6. INTELLECTUAL PROPERTY OWNERSHIP AND FEEDBACK
(a) Provider IP. Customer acknowledges that, as between Customer and Provider, Provider owns all right, title, and interest, including all intellectual property rights, in and to the Provider IP and, with respect to Third-Party Products, the applicable third-party providers own all right, title, and interest, including all intellectual property rights, in and to the Third-Party Products.
(b) Customer Data. Provider acknowledges that, as between Provider and Customer, Customer owns all right, title, and interest, including all intellectual property rights, in and to the Customer Data. Customer hereby grants to Provider a non-exclusive, royalty-free, worldwide license to reproduce, distribute, and otherwise use and display the Customer Data and perform all acts with respect to the Customer Data as may be necessary for Provider to provide the Services to Customer, and a non-exclusive, perpetual, irrevocable, royalty-free, worldwide license to reproduce, distribute, modify, and otherwise use and display Customer Data incorporated within the Aggregated Statistics.
(c) Feedback. If Customer or any of its employees or contractors sends or transmits any communications or materials to Provider by mail, email, telephone, or otherwise, suggesting or recommending changes to the Provider IP, including without limitation, new features or functionality relating thereto, or any comments, questions, suggestions, or the like (“Feedback”), Provider is free to use such Feedback irrespective of any other obligation or limitation between the Parties governing such Feedback. [Customer hereby assigns to Provider on Customer’s behalf, and on behalf of its employees, contractors and/or agents, all right, title, and interest in, and Provider is free to use, without any attribution or compensation to any party, any ideas, know-how, concepts, techniques, or other intellectual property rights contained in the Feedback, for any purpose whatsoever, although Provider is not required to use any Feedback.
7. LIMITED WARRANTY AND WARRANTY DISCLAIMER
(a) Provider warrants that during the Term: the Downloadable Software will perform materially as described in the specifications available at https://www.stridepdcenter.com. Provider does not make any representations or guarantees regarding uptime or availability of the Services. To the extent permitted by law, Customer’s sole and exclusive remedy and Provider’s sole liability under or about this warranty will be a replacement of the Product, or if replacement is not commercially reasonable, a termination of the applicable Product and a refund of any pre-paid unused fees for the applicable Product. The remedies set forth in this Agreement are Customer’s sole remedies and Provider’s sole liability under the limited warranty set forth in this Section 7(a). The foregoing warranty does not apply, and Provider strictly disclaims all warranties, with respect to any third-party products.
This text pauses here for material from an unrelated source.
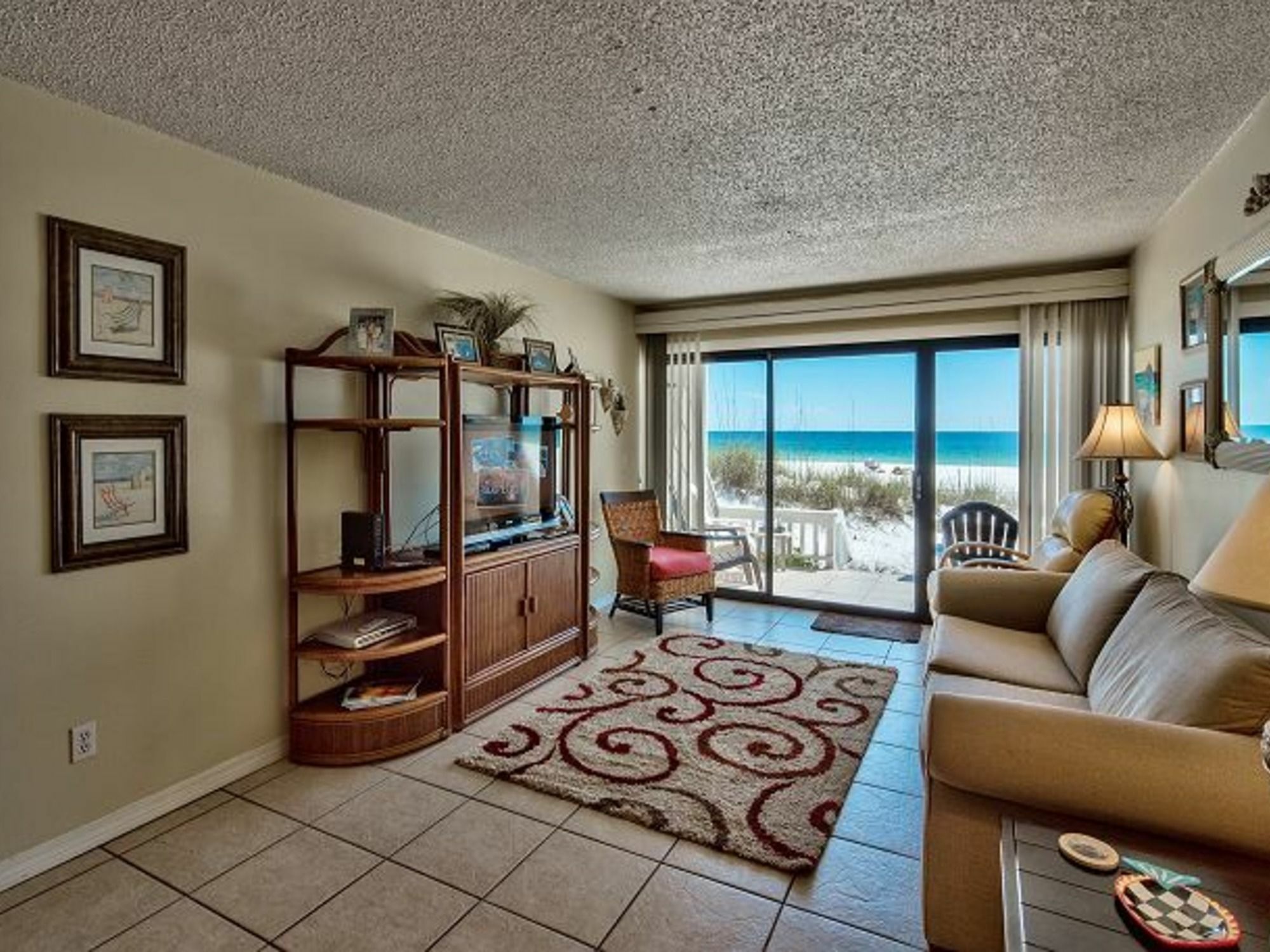 Pirate Cove 117 - 825255 Townhouse Holiday home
(b) Except for the limited warranty set for in Section 7(a): the Provider IP is provided “as is” and Provider hereby discliams all warranties, whether express, implied, statutory, or otherwise. Provider specifically disclaims all implied warranties of merchantability, fitness for a particular purpose, title, and non-infringement, and all warranties arising from course of dealing, usage, or trade practice. Except for the limited warranty set forth in Section 7(a), Provider makes no warranty of any kind that the Provider IP, or any products or results of the use thereof, will meet Customer’s or any other person’s requirements, operate without interruption, achieve any intended result, be compatible or work with any softward, system, or other services, or be secure, accurate, complete, free of harmful code, or error free. .
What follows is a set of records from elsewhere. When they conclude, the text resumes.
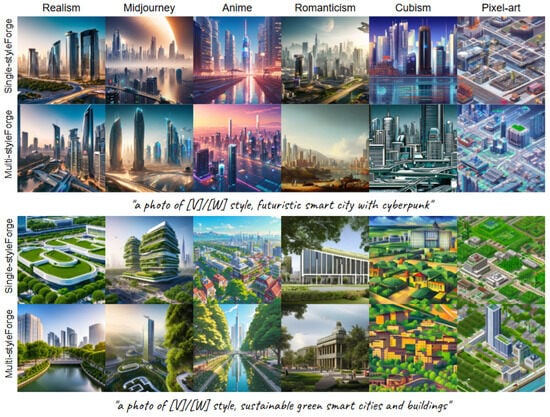 Applsci 15 10623 g0a6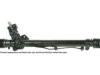 OEM 4B1422052D Rack and Pinion Complete Unit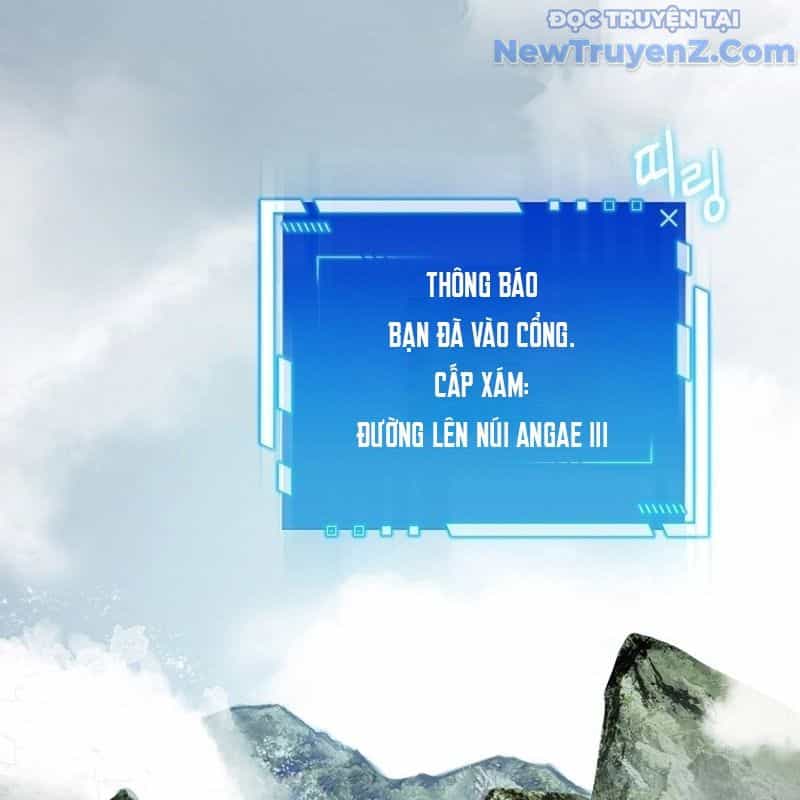 Trở Thành Bạn Thời Thơ Ấu Của Boss Cấp Trung - Chương 33 - ảnh 34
(a) Provider Indemnification.
(i) Provider shall indemnify, defend, and hold harmless Customer from and against any and all losses, damages, liabilities, costs (including reasonable attorneys’ fees) (“Losses”) incurred by Customer resulting from any third-party claim, suit, action, or proceeding (“Third-Party Claim”) that the Services, or any use of the Services in accordance with this Agreement, infringes or misappropriates such third party’s intellectual property rights, patents, copyrights, or trade secrets, provided that Customer promptly notifies Provider in writing of the claim, cooperates with Provider, and allows Provider sole authority to control the defense and settlement of such claim.
(ii) If a Third-Party Claim is made or appears possible, Customer agrees to permit Provider, at Provider’s sole discretion, to (A) modify or replace the Provider System, or component or part thereof, to make it non-infringing, or (B) obtain the right for Customer to continue use. If Provider determines that neither alternative is reasonably available, Provider may terminate this Agreement, in its entirety or with respect to the affected component or part, effective immediately on written notice to Customer.
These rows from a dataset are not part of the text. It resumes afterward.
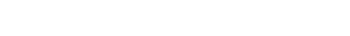 number of reviews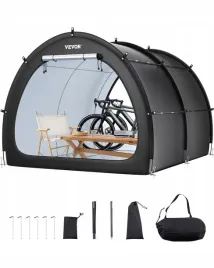 namiot-rowerowy-caloroczny-wodoodporny-ogrodowy-skuter-motor-243cm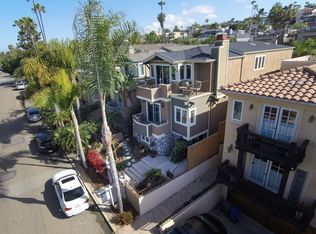 2141 Manchester Ave, Cardiff, CA 92007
(iii) This Section 8(a) will not apply to the extent that the alleged infringement arises from: (A) use of the Provider System in combination with data, software, hardware, equipment, or technology not provided by Provider or authorized by Provider in writing; (B) modifications to the Provider System not made by Provider; (C) Customer Data ; or (D) Third-Party Products.
(b) Customer Indemnification. Customer shall indemnify, hold harmless, and, at Provider’s option, defend Provider from and against any Losses resulting from any Third-Party Claim that the Customer Data, or any use of the Customer Data in accordance with this Agreement, infringes or misappropriates such third party’s intellectual property rights and any Third-Party Claims based on Customer’s or any Authorized User’s (i) negligence or willful misconduct; or (ii) use of the Provider IP in a manner not authorized by this Agreement; (iii) use of the Provider IP in combination with data, software, hardware, equipment, or technology not provided by Provider or authorized by Provider in writing; or (iv) modifications to the Provider IP not made by Provider, provided that Customer may not settle any Third-Party Claim against Provider unless Provider consents to such settlement, and further provided that Provider will have the right, at its option, to defend itself against any such Third-Party Claim or to participate in the defense thereof by counsel of its own choice.
(c) Sole Remedy. This Section 8 sets forth Customer’s sole remedies and Provider’s sole liability and obligation for any actual, threatened, or alleged claims that the provide IP infringes, misappropriates, or otherwise violates any intellectual property rights of any third party. In no event will Provider’s liability under this Section 8 exceed the total amounts paid under this agreement in the year preceding the evening giving rise to the claim.
9. LIMITATIONS OF LIABILITY
In no event will Provider be liable under or in connection with this Agreement under any legal or equitable theory, including breach of contract, tort (including negligence), strict liability, and otherwise for any: (a) consequential, incidental, indirect, exemplary, special, enhanced, or punitive damages; (b) increased costs, diminution in value or lost business, production, revenues, or profits; (c) loss of goodwill or reputation; (d) use, inability to use, loss, interruption, delay, or recovery of any data, or breach of data or system security; or (e) cost of replacement goods or services in each case regardless of whether Provider was advised of possibility of such losses or damages or such losses or damages were otherwise foreseeable. In no event will Provider’s aggregate liability arising out of or related to this Agreement under any legal or equitable theory, including breach of contract, tort (including negligence) strict liability, and otherwise exceed the total amounts paid to Provider under this Agreement in the year preceding the event giving rise to the claim.
10. TERM AND TERMINATION
(a) Term. The initial term of this Agreement begins on the Effective Date and, unless terminated earlier pursuant to this Agreement’s express provisions, will continue in effect as signified in the Order Form (the “Initial Term”).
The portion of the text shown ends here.